The idea came up as a countermove to the increased demand for plant breeders' rights, as voiced in international negotiations, to draw attention to the unremunerated innovations of farmers that were seen as the foundation of all modern plant breeding.

In 1983, Pat Roy Mooney wrote 'The Law of the Seed: Another Development and Plant Genetic Resources' (Development Dialogue, Vol. 1-2, published by the Dag Hammarskjöld Foundation), which is a comprehensive analysis of the international management of plant genetic resources for food and agriculture.

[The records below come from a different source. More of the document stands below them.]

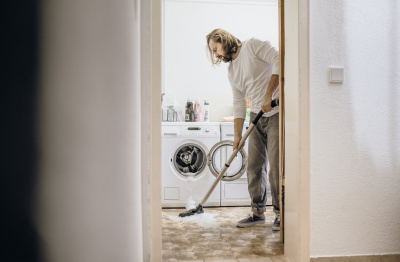 Строительный пылесос Karcher WD 6 P S V-30/6/22/T 1300Вт (уборка: сухая/сбор воды) желтый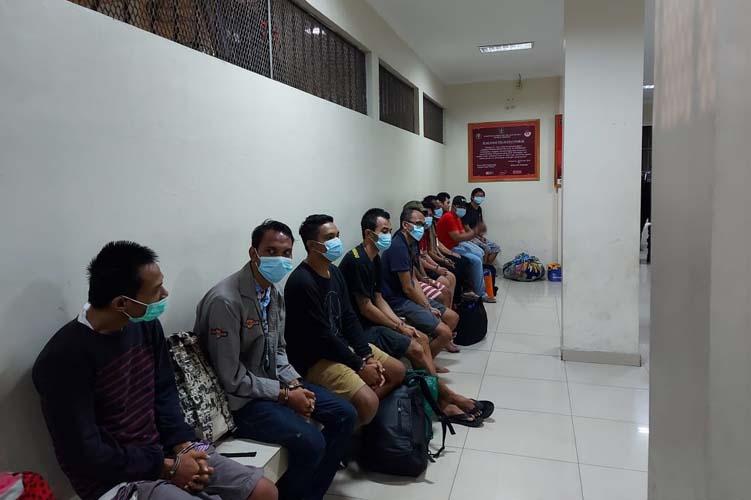 title  Dikawal Brimob, 18 Napi di Bali Dipindah ke Lapas Nusakambangan Cilacap  Dikawal Brimob, 18 Napi di Bali Dipindah ke Lapas Nusakambangan Cilacap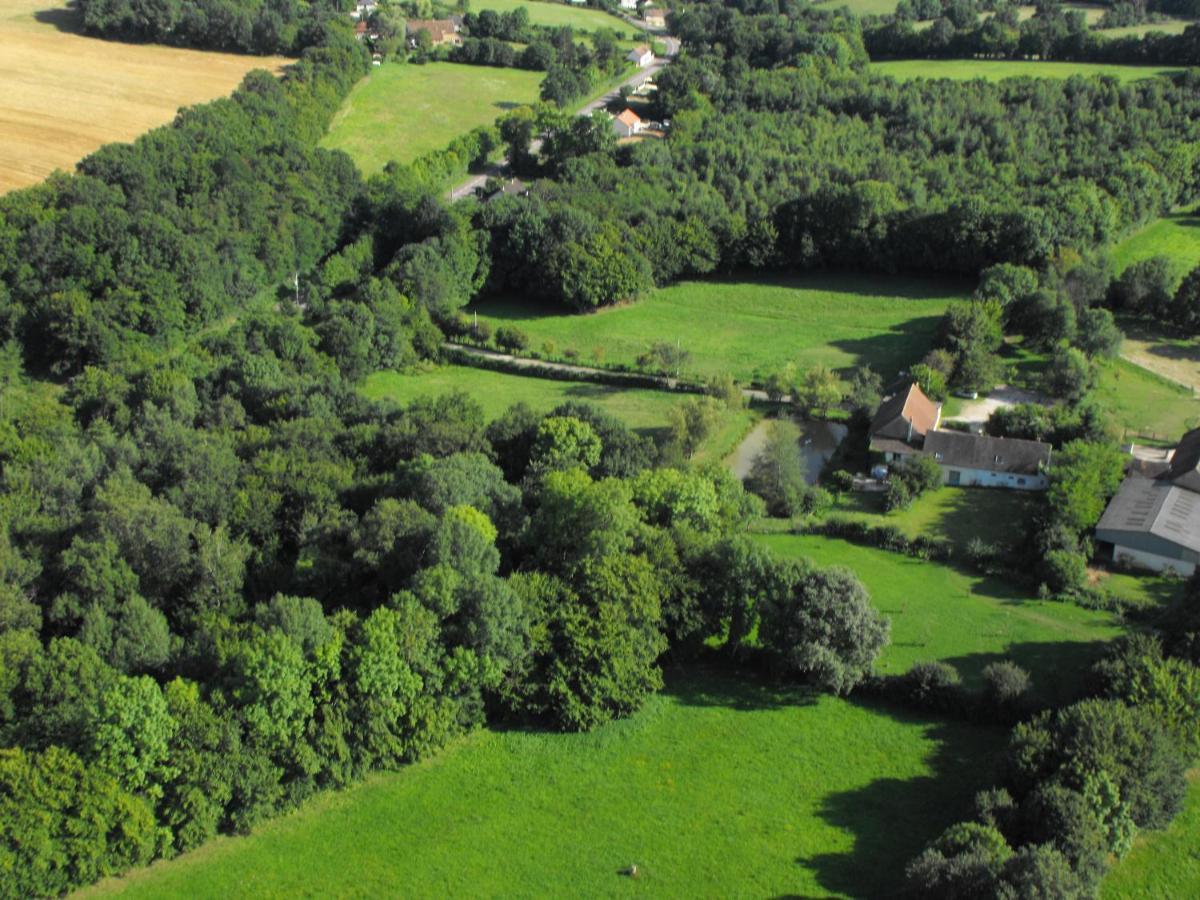 Bed and Breakfast Domaine De Varenne Saint-Amand-en-Puisaye Exterior foto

Here Mooney argues for benefits to farmers for their contribution to the global genetic pool, as well as the need for conservation support. He proposes that a fund be established for the purpose, and argues against any legal arrangements which may hinder farmers in their practice of saving, reusing, improving and developing seeds - in other words, here we find most of the elements which were later to be ascribed to farmers' rights.

According to Cary Fowler (in Unnatural Selection. Technology, Politics and Plant Evolution, Yverdon, Switzerland: Gordon and Breach, 1993, p. 192), the concept can be traced back to the work of inter alia the renowned plant explorer, geneticist and plant breeder Jack R. Harlan (1917-1988), who spoke of farmers as the 'amateurs' who had in fact created the genetic diversity that had become subject to controversies.